Re: Send ACK when all records of file are processed

Piotr Nowojski Tue, 30 Jan 2018 06:34:00 -0800

In case of reading from input files, at the EOF event, readers will send 
Watermark(Long.MAX_VALUE) on all of the output edges and those watermarks will 
be propagated accordingly. So your ACK operator will get 
Watermark(Long.MAX_VALUE) only when it gets it from ALL of it’s input edges.

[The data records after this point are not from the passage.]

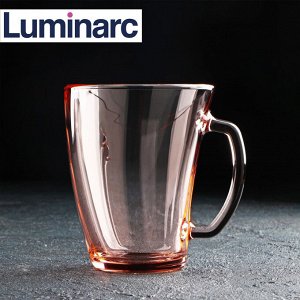 Кружка Luminarc "Шейп" Розовый / 320 мл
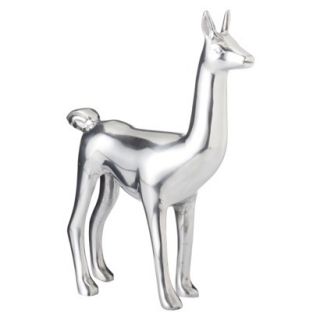 Nate Berkus Metal Llama Figural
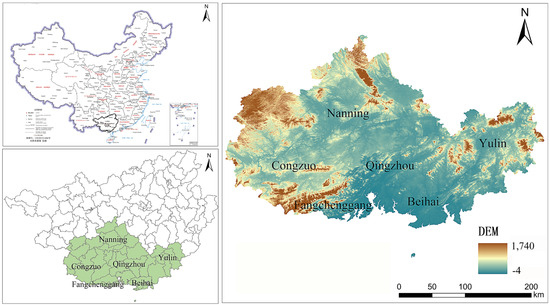 A Study on the Spatiotemporal Dynamics of Land Cover Change
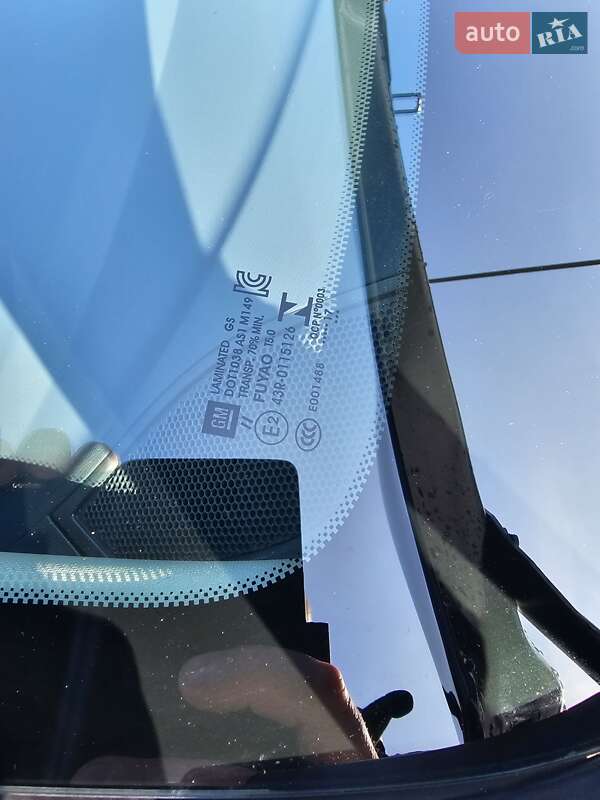 Хэтчбек Chevrolet Bolt EV 2017 в Ровно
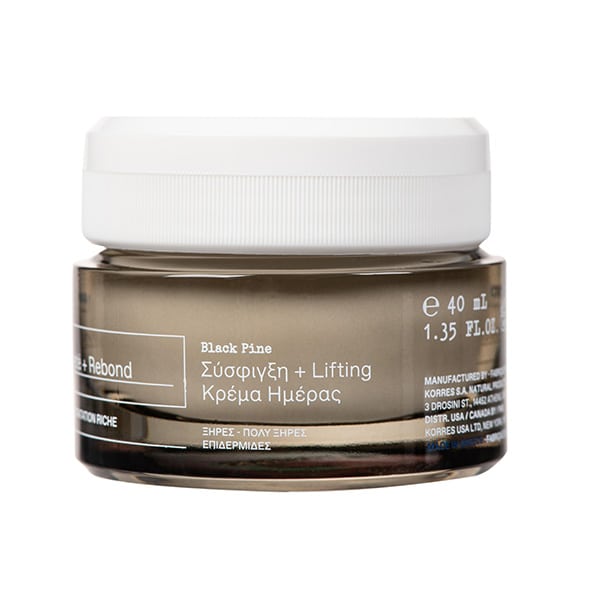 Korres Black Pine Dry Very Dry Cream Care 40Ml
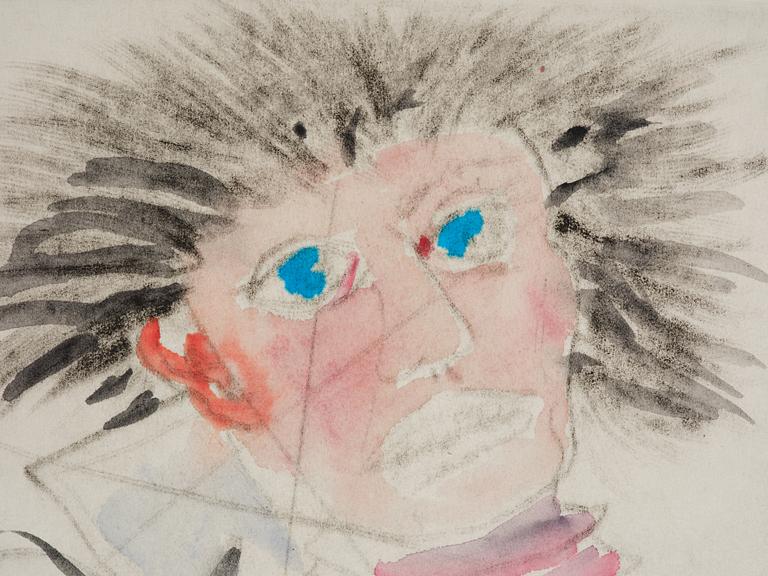Hans Wigert, The face.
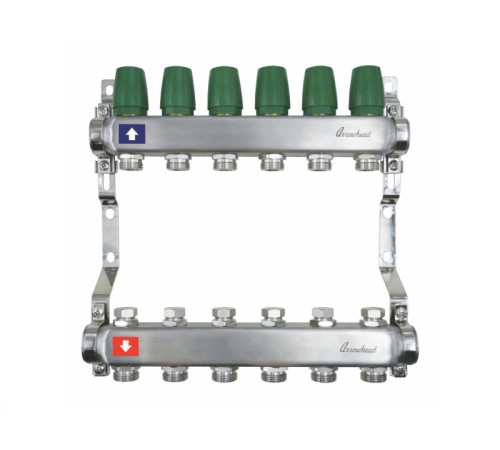 Коллекторная группа из нержавеющей стали ARROWHEAD  CS-300-06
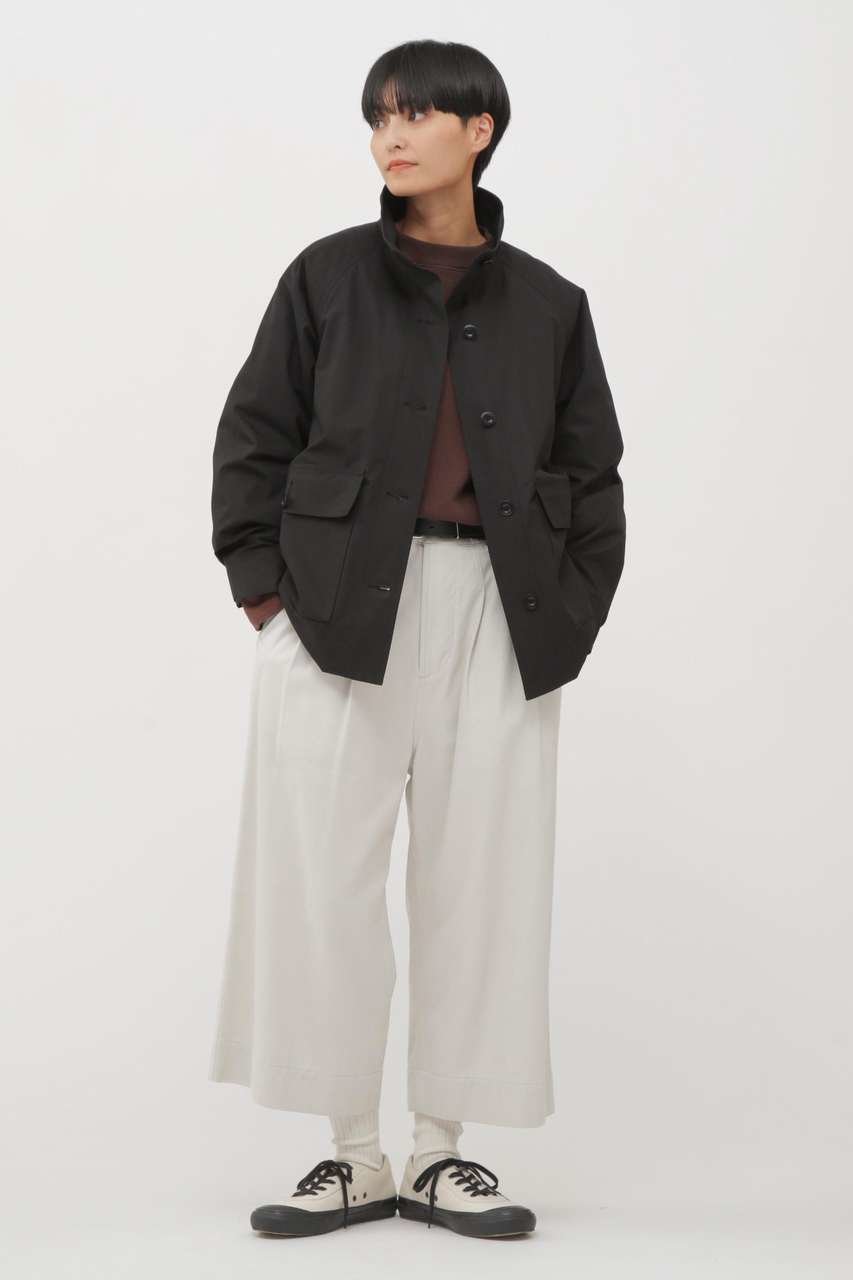 【マーガレットハウエル/MARGARET HOWELL】のUPCYCLED LOOPBACK JERSEY TOP 人気、トレンドファッション・服の通販 founy(ファニー) 　ファッション　Fashion　レディースファッション　Fashion for Women　トップス・カットソー　Cut & Sew Tops　シャツ・ブラウス・オフィスカジュアル　Elegant Blouses & Button-Ups　ロングTシャツ・Tシャツ　Longline T-Shirts & Tees　カットソー・ベーシックTシャツ　Cut-and-Sewn Tops / Stretch Tees & Basics　カッティング　Cutting Detail　コンパクト　Compact, Small Size　スリーブ　Sleeve, Long Sleeve / Short Sleeve　バランス　Balance, Style Balance　ロング　Long, Long-Length　other-3|ID: prp329100004932636 ipo3291000000037022807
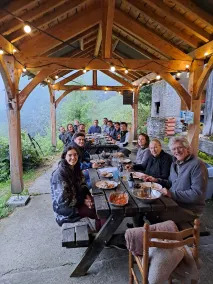 Gîte d'Aunac - Restaurant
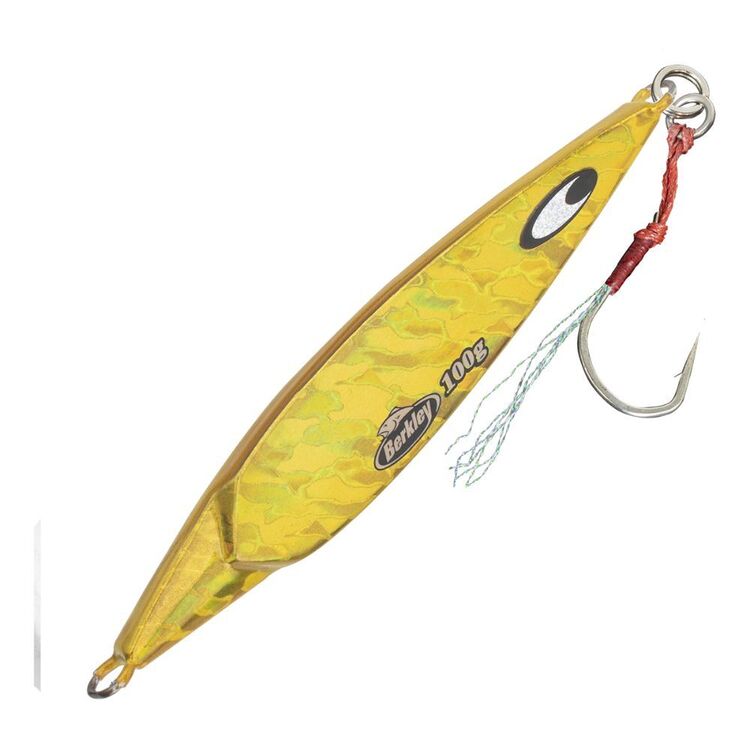 Berkley 100g Skid Jig Gold 100 g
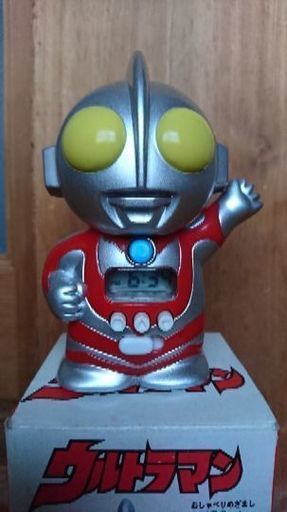 入手困難 ウルトラマン目覚まし時計プチコット ジャイアン 郡上の時計 目覚まし時計 の中古あげます 譲ります ジモティーで不用品の処分 入手困難 ウルトラマン目覚まし時計プチコット ジャイアン 郡上の時計 目覚まし時計 の中古あげます 譲ります ジモティーで不用品の処分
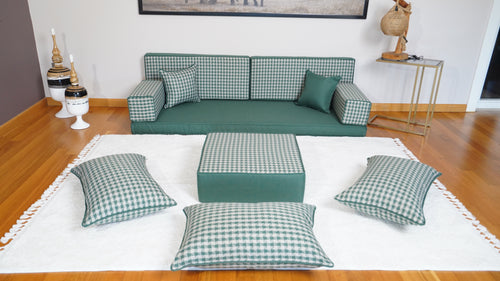 Turkish Floor Cushions, Bench Cushions, Arabic Seating Set, Turkish Sofa, Meditation Cushion, Arabic Majlis, Floor Pillows, Reading Nook, Linen Sofas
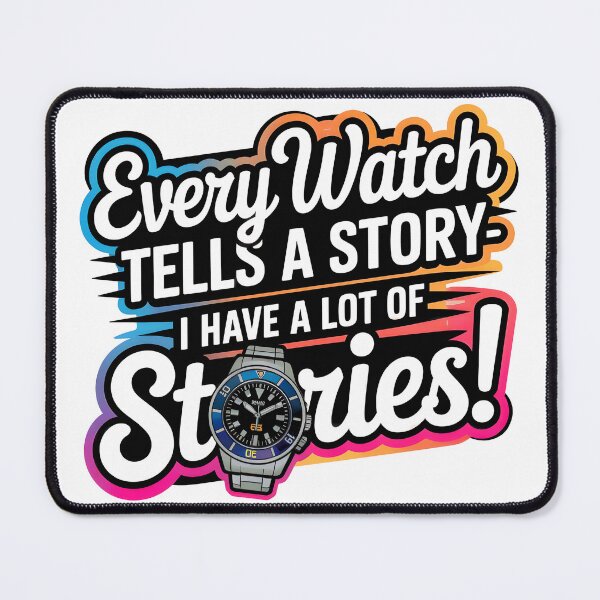 Item preview, So Many Watches, So Many Stories designed and sold by WatchesAndMore.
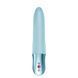 Вибратор для точки G Fun Factory Diva Dolphin Ice Blue, 10 режимов работы, на батарейках
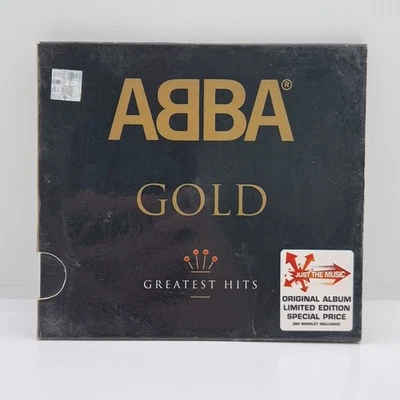 ABBA - 'Gold Greatest Hits' 2007 Pop CD Album Digipak INDIAN PRESSING - Image 1 of 4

When reading from Kafka, you do not have an EOF event, so you it would not be 
possible to use this Watermark(Long.MAX_VALUE). In that case you would need to 
emit some dummy EOF record, containing some meta information like filename 
alongside with correctly set event time to a value greater then original even 
read from Kafka which contained the filename to process. You would have to pass 
this EOF dummy record to your EOF operator. There you you would need to create 
some kind of mapping 

fileName -> event time marking EOF

And each time you process EOF record, you add new entry to this mapping. Now 
whenever you process watermarks, you can check for which fileNames does this 
watermark guarantees that file has been processed completely.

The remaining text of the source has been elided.